The Château Palmer Margaux 2011 features a slightly higher percentage of Merlot than usual in the blend of 55 percent Merlot and 45 percent Cabernet Sauvignon. It shows an ample core of kirsch and bright cherry fruit that is very expressive, with flecks of white pepper, violet and tobacco. The nice racy acidity is well-embedded. It has solid length with a velvety edge in reserve that lets extra cassis and violet notes emerge, and it should stretch out nicely during the rest of its élevage (92-95, non-blind).
Just across a swath of vines from Château Palmer sits the very Oxford college–looking, red brick–accented Château Cantenac-Brown. General director and Portugal native José Sanfins has been here since 1989. He started his tenure with Jean-Michel Cazes when the estate was part of the AXA portfolio, and he stayed on following the château's sale to an English family in 2006. (Sanfins got his start at Quinta do Noval with Christian Seeley before coming to Bordeaux).
The 118-acre estate also has 7.4 acres in Bordeaux Supérieur which goes to its Château Brown-Lamartine label.
As with most other estates in the Margaux AOC, yields were lower in '11 and the resulting selection made for a lower percentage in the grand vin—just 50 percent of the crop in 2011, as opposed to a more usual 60 percent.
"We also used the optical sorter for the first time in '11," said the soft-spoken Sanfins. "And it really helped sort the unripe berries, which were in same bunches. In the end our yield was [2.2 tons per acre]. And I think if your yields were [2.5 tons, 3 tons] or higher, it would have been difficult to get the density of fruit to match the tannins that came from the small berries and their thick skins."
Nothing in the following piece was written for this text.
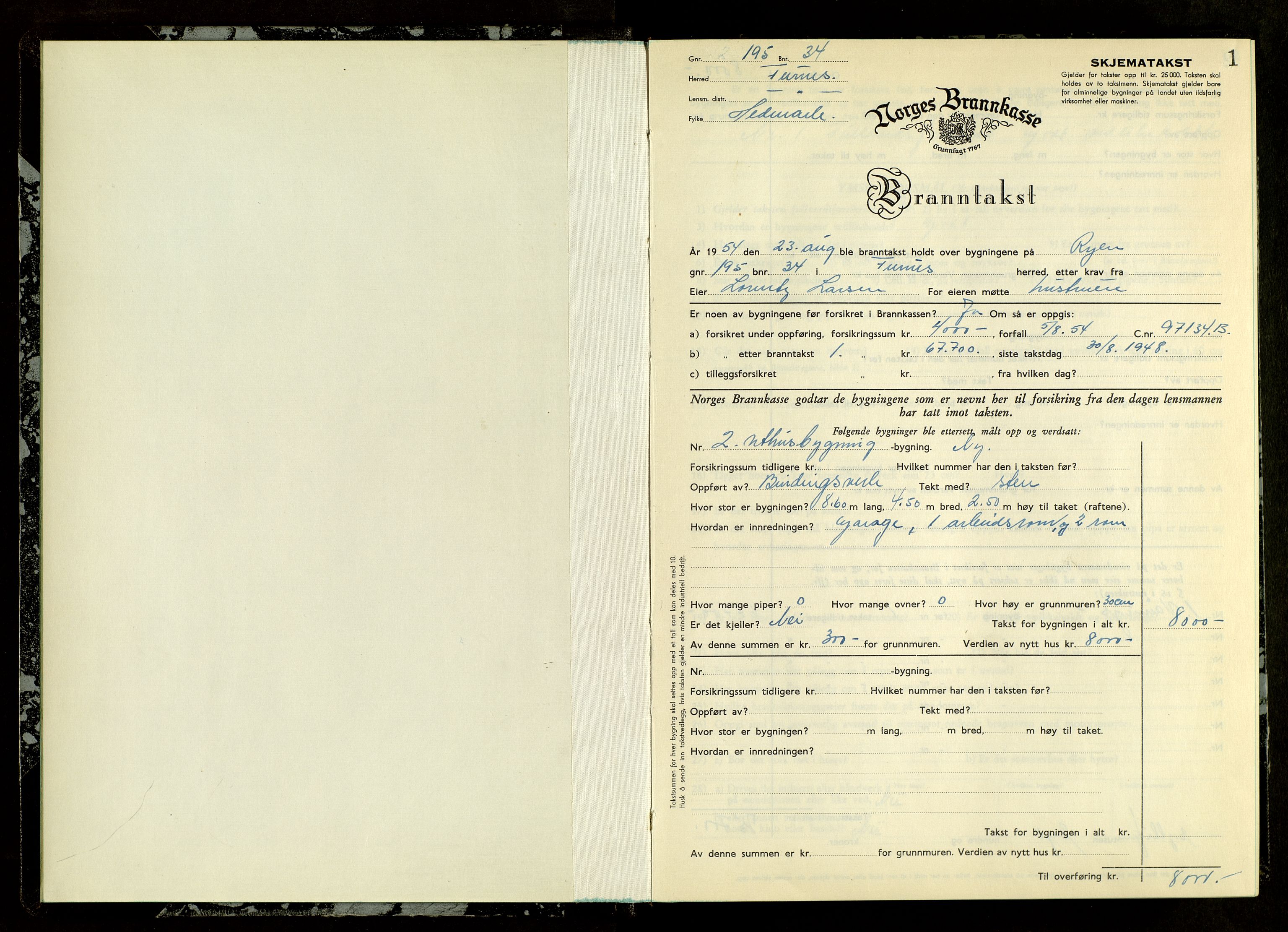 Norges Brannkasse, Furnes, AV/SAH-NBRANF-004/F/L0007: Branntakstprotokoll, 1954-1955, s. 1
The second wine here, selected in the vineyard ahead of time, features more Merlot and is vinified accordingly, with less extraction for a softer, more approachable style.
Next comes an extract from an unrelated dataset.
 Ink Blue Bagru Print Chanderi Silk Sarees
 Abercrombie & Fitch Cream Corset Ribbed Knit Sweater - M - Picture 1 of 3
The Château Cantenac-Brown Margaux BriO 2011 is soft and very open with easy plum and currant fruit offset by a light cherry pit edge that keeps the finish honest. There's just a touch of modest toast. The Château Cantenac-Brown Margaux 2011 is ripe and succulent, with an expressive, sappy edge to the kirsch, tobacco and iron notes, with good cut and length, offering potentially outstanding quality. (Note: Official scores and reviews based on blind tastings will appear after my full-scale tastings next week.)
There's a surprise here as well: the estate's first white wine. The Château Cantenac-Brown Bordeaux White AltO comes from a 4.4-acre parcel that was recently planted. The final wine (a blend of 90 percent Sauvignon Blanc and 10 percent Sémillon) is fermented entirely in barrel but none new, as Sanfins said he was "looking for a style like Sancerre, to enjoy with food." It's very bright, with a bold white peach core and a pure floral and citrus-tinged finish. It's very refreshing, with a hint of citrus oil adding weight. The delicious wine shows how good whites are looking in '11, and it is potentially outstanding in quality.
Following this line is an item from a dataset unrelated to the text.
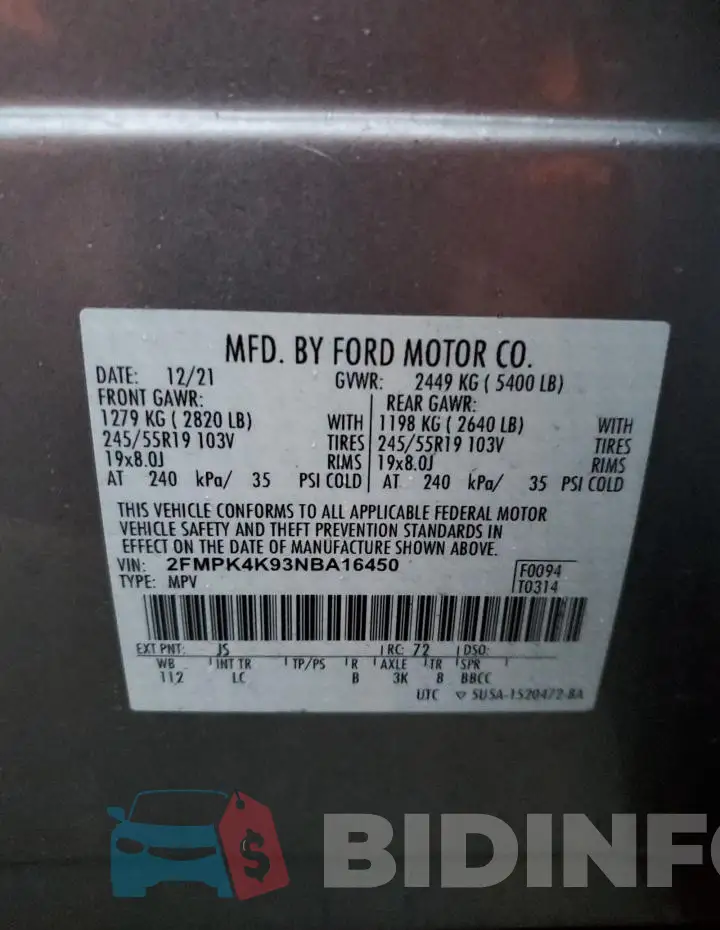 2FMPK4K93NBA16450 Photo# 13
It was also very instructive to see the '08, '09 and '10 vintages side by side here during my visit. The '08, slightly firm, with its tobacco and black currant fruit notes, was very good (it earned 89 points officially when reviewed), but clearly outclassed by the richer, more voluptuous '09 (which earned 92 points officially). And then there was the '10, which continues to take on extra definition, length and depth, with captivatingly pure aromas and a mouthwatering feel. It was nearly as big a step from the '09 to the '10 as it was from the '08 to the '09, a characteristic that I have seen at nearly every château where I have recently tasted those vintages side by side.